**RECORDED INFORMATION**
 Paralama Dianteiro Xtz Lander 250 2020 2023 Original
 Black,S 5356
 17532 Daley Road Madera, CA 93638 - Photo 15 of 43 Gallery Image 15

**TASK REQUIREMENTS**
Copy the whole listing once more, exactly.

**YOUR RESPONSE**
 Paralama Dianteiro Xtz Lander 250 2020 2023 Original
 Black,S 5356
 17532 Daley Road Madera, CA 93638 - Photo 15 of 43 Gallery Image 15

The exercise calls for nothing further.